▶ WHAT YOU HAVE TO DO
Output the data below only from the line containing "10 x 15 storage unit in Spring Hill, FL" up to and including the line containing "سعر: 90 الف", exact and with the pictures left out.

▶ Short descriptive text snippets

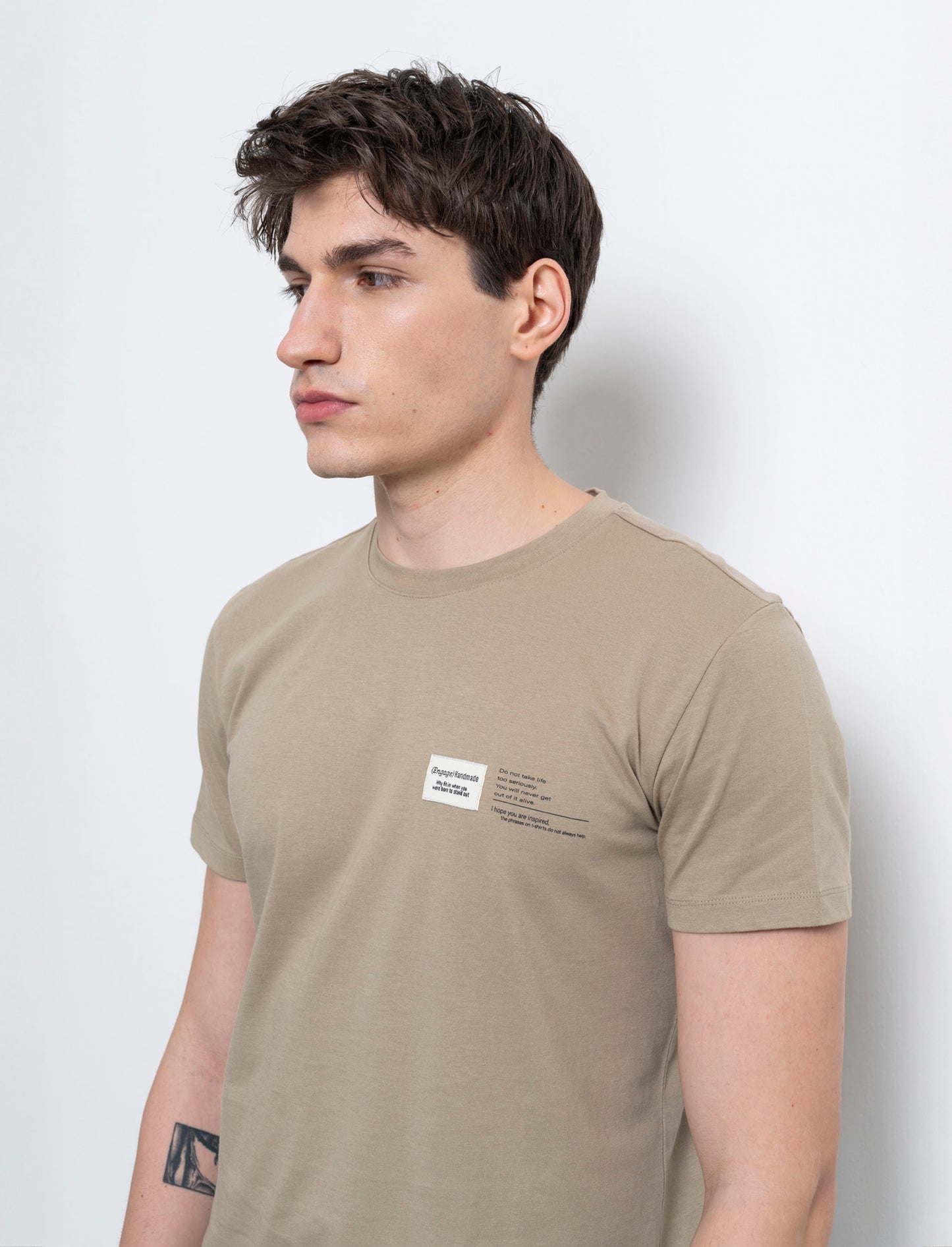 T-shirt in cotone premium con patch e stampina da uomo - Verde salvia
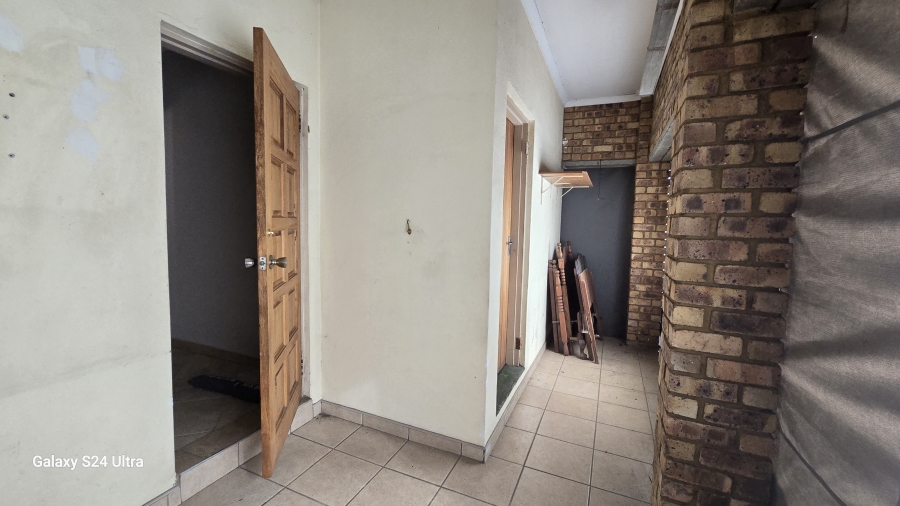 6 Bedroom Property for Sale in Freeway Park Gauteng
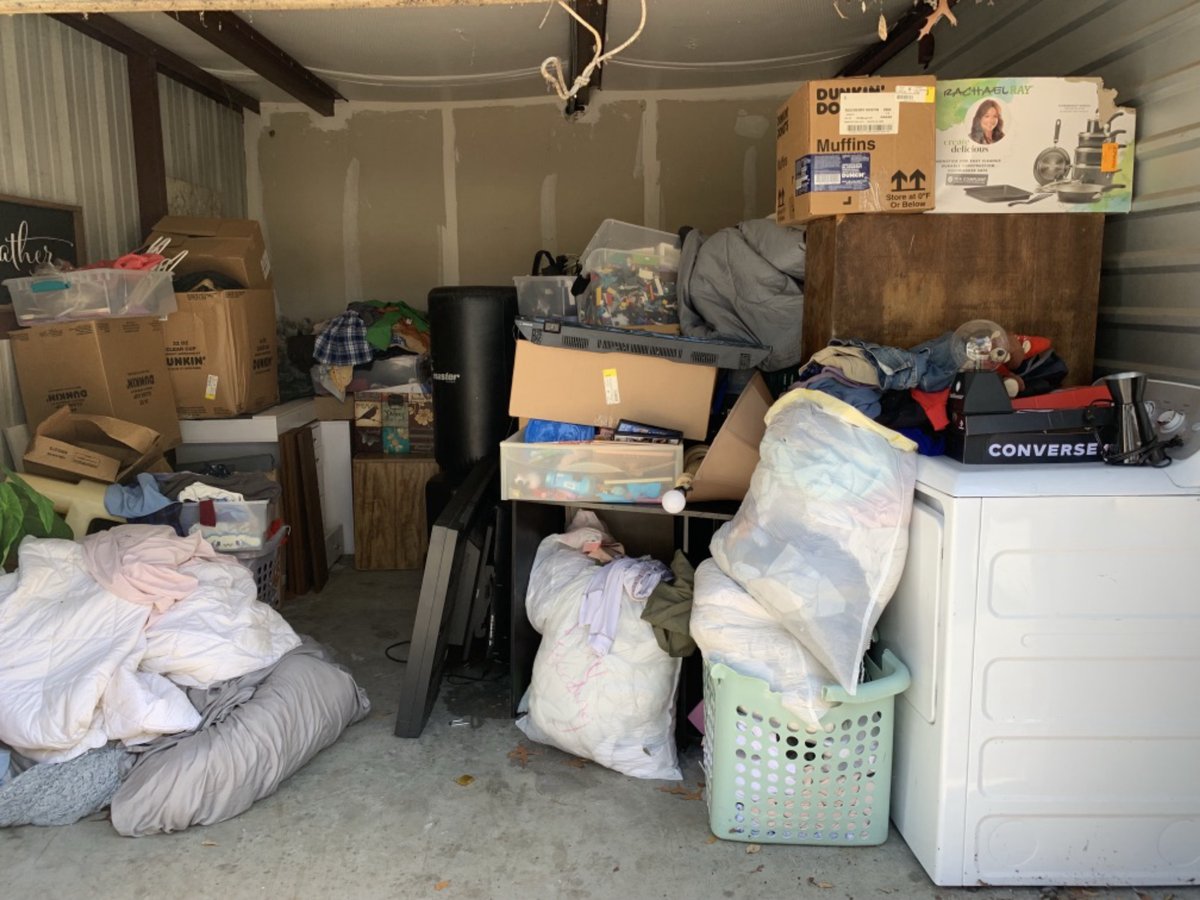 10 x 15 storage unit in Spring Hill, FL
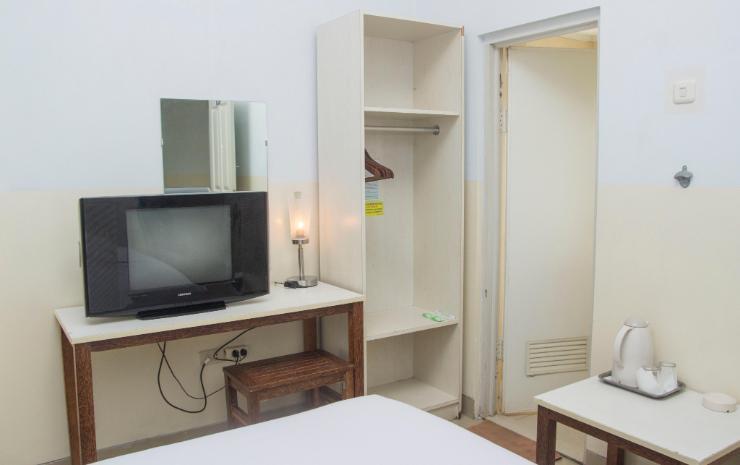 מנאדו Hotel Metropolitan Inn מראה חיצוני תמונה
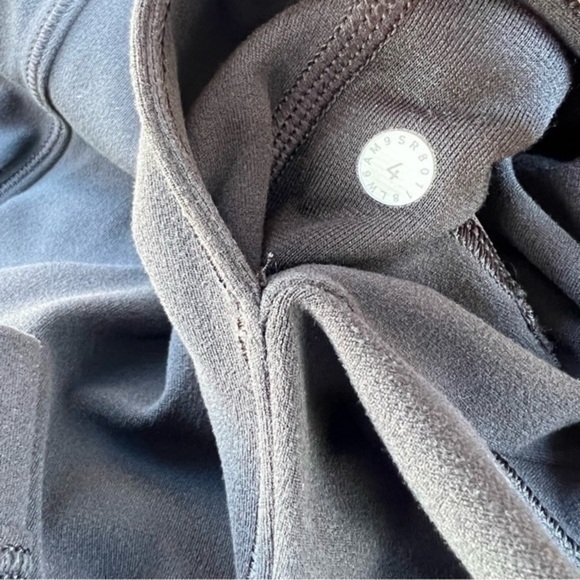 Lululemon 4 Womens Crop Jogger Pants Everyday Athleisure Workout Gym - Picture 6 of 15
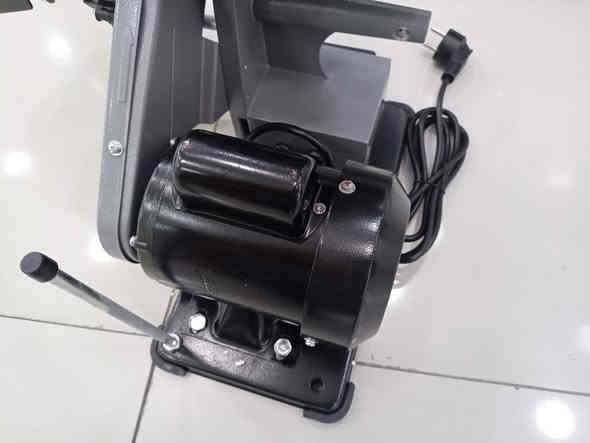 كود 37971
جهاز سنفرة شريطي و دائري طول شريطي 915 ملم و الدائري 150 ملم جهاز ماطور قدرة مالته ٣٥٠ وات ماركة RONDY جهاز تجي لوك جديد غير مستخدم. 
سعر: 90 الف 
للاستفسار راسلنا على ماسنجر او واتس اب 
***********
***********
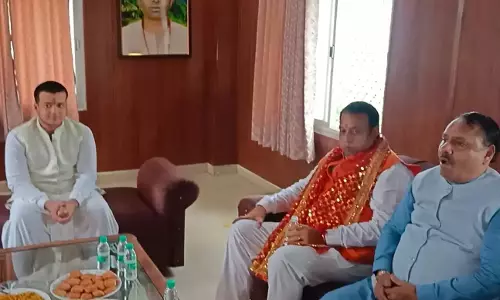 Haridwar: बीकेटीसी अध्यक्ष ने मंदिर व्यवस्थाओं का लिया जायजा Haridwar: बीकेटीसी अध्यक्ष ने मंदिर व्यवस्थाओं का लिया जायजा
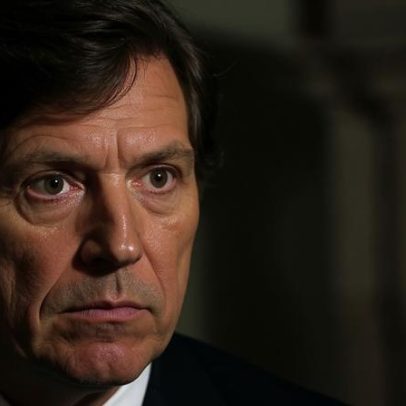 Tucker Carlson rompe com o Partido Republicano após críticas de Trump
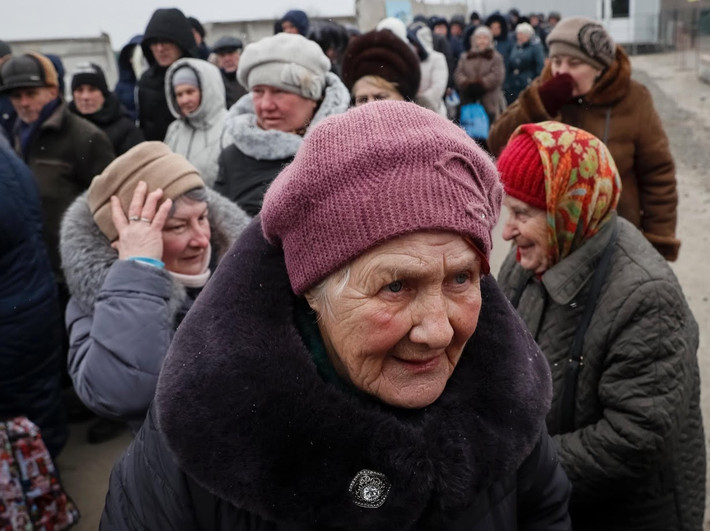 Được biết, ngôi làng Zaitseve từng nằm dưới sự kiểm soát của phe ly khai Ukraine, nhưng sau đó lực lượng chính phủ Kiev đã giành lại ngôi làng này vào mùa hè năm 2015. Mặc dù vậy, cư dân Zaitseve vẫn chưa được sống những ngày tháng yên bình.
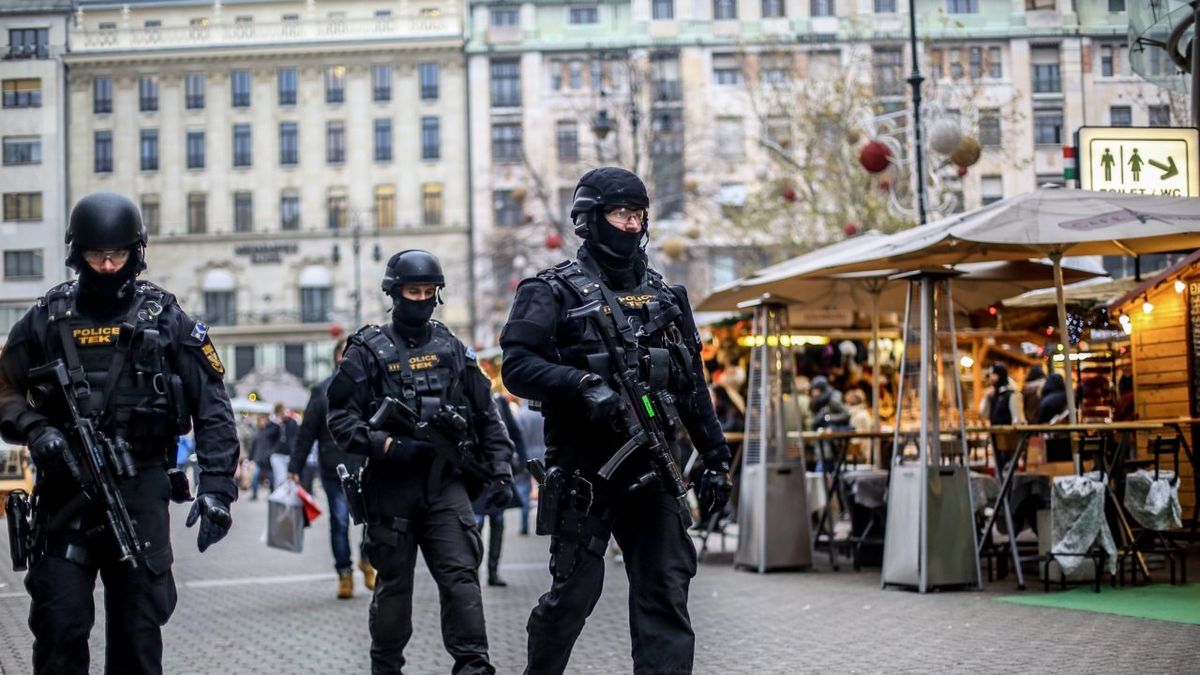 Fokozott rendőri védelem a magyar karácsonyi vásárokon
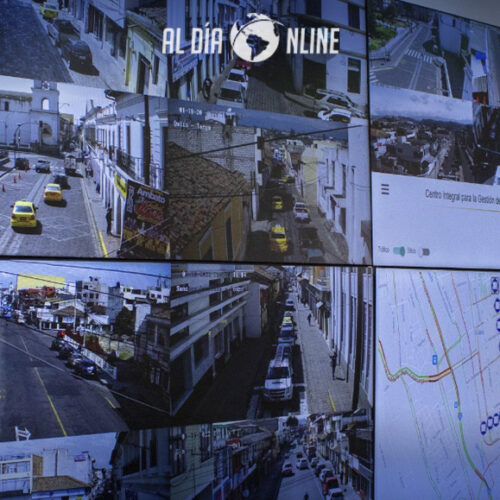 SEMÁFOROS INSTALADOS EN LATACUNGA CUENTAN CON UN SISTEMA INTELIGENTE QUE CONTROLARÁ LA SALA DE MONITOREO MUNICIPAL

▶ YOUR RESPONSE
 10 x 15 storage unit in Spring Hill, FL
 מנאדו Hotel Metropolitan Inn מראה חיצוני תמונה
 Lululemon 4 Womens Crop Jogger Pants Everyday Athleisure Workout Gym - Picture 6 of 15
 كود 37971
جهاز سنفرة شريطي و دائري طول شريطي 915 ملم و الدائري 150 ملم جهاز ماطور قدرة مالته ٣٥٠ وات ماركة RONDY جهاز تجي لوك جديد غير مستخدم. 
سعر: 90 الف 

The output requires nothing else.